Carnival (NYSE:CCL - Get Free Report) last posted its quarterly earnings results on Friday, March 27th. The company reported $0.20 earnings per share (EPS) for the quarter, topping the consensus estimate of $0.18 by $0.02. The firm had revenue of $6.17 billion for the quarter, compared to analyst estimates of $6.13 billion. Carnival had a net margin of 10.37% and a return on equity of 28.39%. The company's quarterly revenue was up 6.1% compared to the same quarter last year. During the same period in the prior year, the firm posted $0.13 earnings per share. Sell-side analysts anticipate that Carnival will post 1.77 earnings per share for the current year.

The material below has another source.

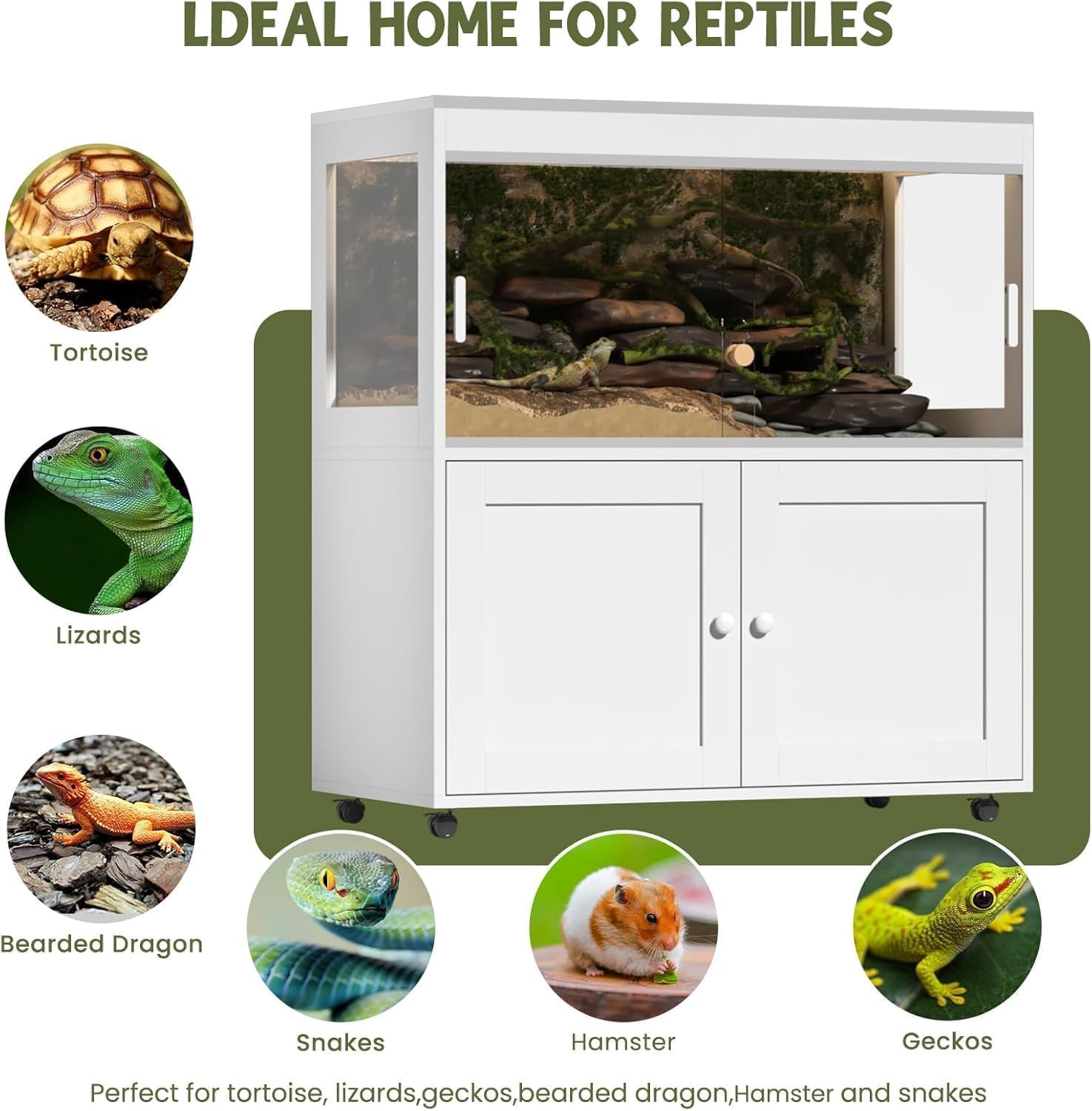60 Gallon Reptile Terrarium with Storage – Mobile Reptile Tank with Wheels, Sliding Door & Mesh Roof – Ideal Enclosure for Geckos, Snakes & Lizards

Hedge Funds Weigh In On Carnival
Hedge funds and other institutional investors have recently modified their holdings of the business. BOCHK Asset Management Ltd purchased a new stake in shares of Carnival during the fourth quarter worth $25,000. Measured Wealth Private Client Group LLC bought a new stake in shares of Carnival during the 3rd quarter valued at $25,000. Lloyd Advisory Services LLC. bought a new stake in shares of Carnival during the 4th quarter valued at $26,000. Evolution Wealth Management Inc. purchased a new stake in Carnival during the 2nd quarter worth about $25,000. Finally, Newbridge Financial Services Group Inc. boosted its stake in Carnival by 381.0% in the 4th quarter. Newbridge Financial Services Group Inc. now owns 962 shares of the company's stock worth $29,000 after purchasing an additional 762 shares during the period. Hedge funds and other institutional investors own 67.19% of the company's stock.
More Carnival News
Here are the key news stories impacting Carnival this week:
About Carnival
(
Get Free Report)
Carnival Corporation NYSE: CCL is a global cruise operator that provides leisure travel services through a portfolio of passenger cruise brands. The company's core business is operating cruise ships that offer multi-night voyages and associated vacation services, including onboard accommodations, dining, entertainment, spa and wellness offerings, casinos, youth programs, and organized shore excursions. Carnival markets cruise vacations to a broad range of consumers, from value-focused travelers to premium and luxury segments, through differentiated brand positioning and onboard experiences.
Its operating structure comprises multiple well-known cruise brands that target distinct geographic and demographic markets.